There are some issues that leaseholders may have to deal with which renters and owners of freehold properties don’t:
- You might need to pay an annual service charge or ground rent, both of which can be costly.
- You may not have permission to carry out major renovations or extension works.
- If your freeholder intends to carry out major works to the property, you may have to share the cost if this is what your lease stipulates.
What are some common disputes between leaseholders and freeholders?
Tensions frequently flare between leaseholders and freeholders for a variety of reasons:
- Leaseholder charges – This is the most common dispute, where the leaseholder feels that the freeholder is overcharging them. There are three main types of fees that a leaseholder is expected to pay:
- Ground rent – This is payable as rent for sharing the land that the building is on. This is usually a nominal fee that goes straight to the freeholder.
- Service charges – These are spent on the maintenance of the land, building, and any common areas. For a sizeable building, the service charges may include building insurance, surveyors fees. legal/admin expenses, special contracts (lifts and parking control, for example, cleaning and gardening of communal areas, and repairs and maintenance to the communal areas and grounds.

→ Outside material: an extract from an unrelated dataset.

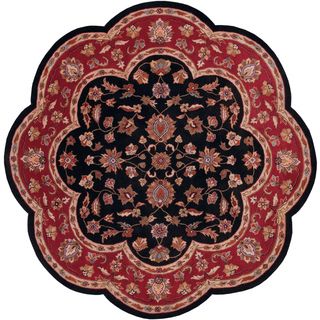Boarder Scallop Round Wool Tufted Black Red Area Rug (79 Round) (Black, cream, brown, green, taupe, blue, burgundy, ivoryPattern BoarderWool has a natural ability to shrug off dirt and spring back into shape after crushing ensures for easy cleaningTip W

As a leaseholder, you have the right to know what the service charges are spent on, how they’re calculated, and have the right to access and view any paperwork related to your service charges.

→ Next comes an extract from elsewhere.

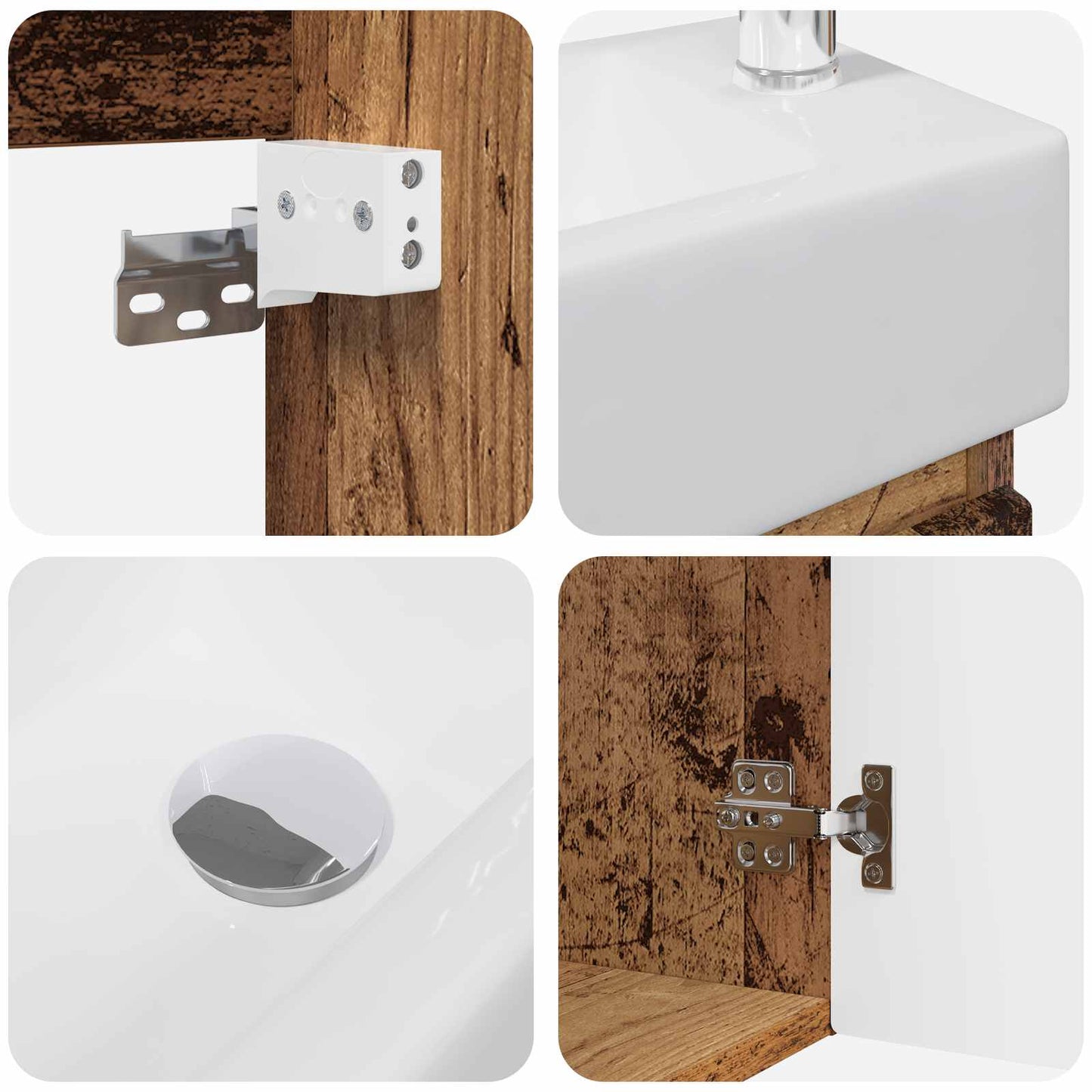 Bathroom Vanity Unit with Tap Old Wood 45.5 x 22.5 x 84 cm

- Major works – Any major work undertaken by the freeholder must follow a well-defined consultation process.
- The freeholder failing to comply with the code of practice – It’s not uncommon for the freehol of a building to be bought and sold by third party investors. This can make it difficult for a leaseholder to engage the freeholder directly in regards to fulfillment of their obligations, especially if the freeholder has appointed a managing agent who is performing poorly.
- The leaseholder failing to maintain the property to acceptable standard – With an increasing number of buy-to-let properties in recent years, this can happen when the property is sub-let. In such cases, the leaseholder is still responsible for maintaining the property and paying the service charges, even though they’re renting out to a tenant.
- The leaseholder breaking the conditions of the lease – Another common issue is the leaseholder or the tenant they’re renting out to behaves in a manner that is contrary to the terms of the lease, for example by making too much noise or not obtaining permission before carrying out building works.
What can you do if you face issues as a leaseholder?
If you run into issues with your freeholder, you may have the following options:
- Speak to other leaseholders – If you live in a block of apartments, other leaseholders may have had the same issues with the freeholder. It may be worth talking to your neighbors, because if they have had the same problem, you’ll be able to build a stronger case to the freeholder if you raise the issue together.
- Make the freeholder aware of your complaints – Some issues, especially those that are not significant, may be resolved by communicating with the freeholder. You can either write a letter or try to resolve the issue face-to-face.
- Use an independent mediator to settle the dispute – Another option is to use an independent and impartial mediator to help work out issues between you and the freeholder so that you don’t have to go to court.
Owning an apartment is a possibility, but it’s not the same as owning a house. Owning a leasehold property is common, but this unique type of homeownership is complex. Therefore, it’s important to do as much research as you can so that you’re prepared to handle it.